→ **Source material**
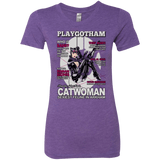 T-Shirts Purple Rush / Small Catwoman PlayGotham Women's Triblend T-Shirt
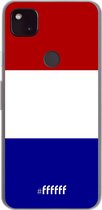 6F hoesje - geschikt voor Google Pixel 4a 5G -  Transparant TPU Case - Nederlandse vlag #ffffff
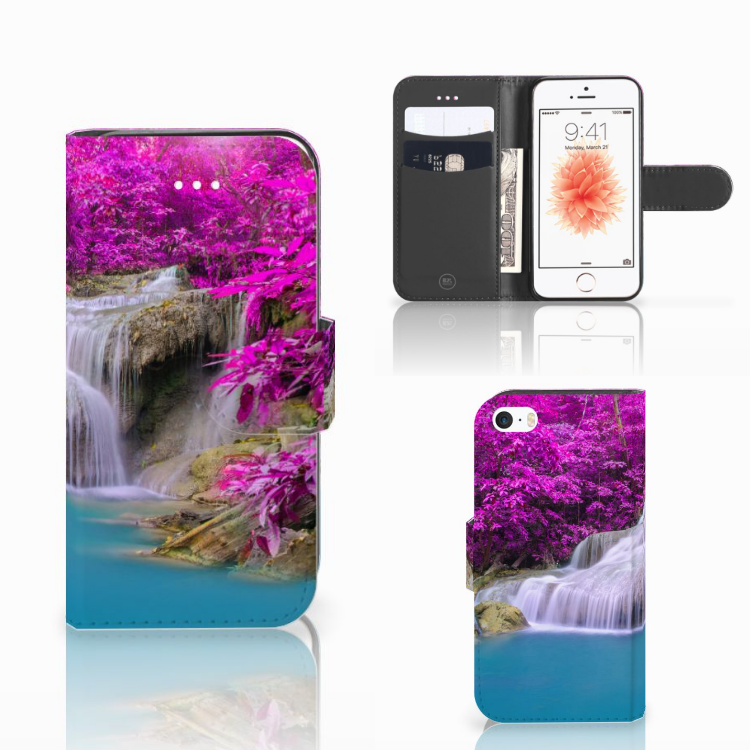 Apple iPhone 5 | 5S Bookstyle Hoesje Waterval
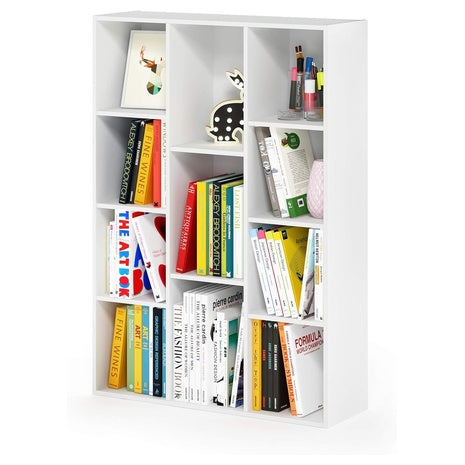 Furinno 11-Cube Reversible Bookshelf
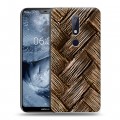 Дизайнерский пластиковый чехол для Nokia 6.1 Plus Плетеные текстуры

→ **What needs to be done**
Your reply should hold only the records, duplicated exactly, without any image.

→ **The answer**
 T-Shirts Purple Rush / Small Catwoman PlayGotham Women's Triblend T-Shirt
 6F hoesje - geschikt voor Google Pixel 4a 5G -  Transparant TPU Case - Nederlandse vlag #ffffff
 Apple iPhone 5 | 5S Bookstyle Hoesje Waterval
 Furinno 11-Cube Reversible Bookshelf
 Дизайнерский пластиковый чехол для Nokia 6.1 Plus Плетеные текстуры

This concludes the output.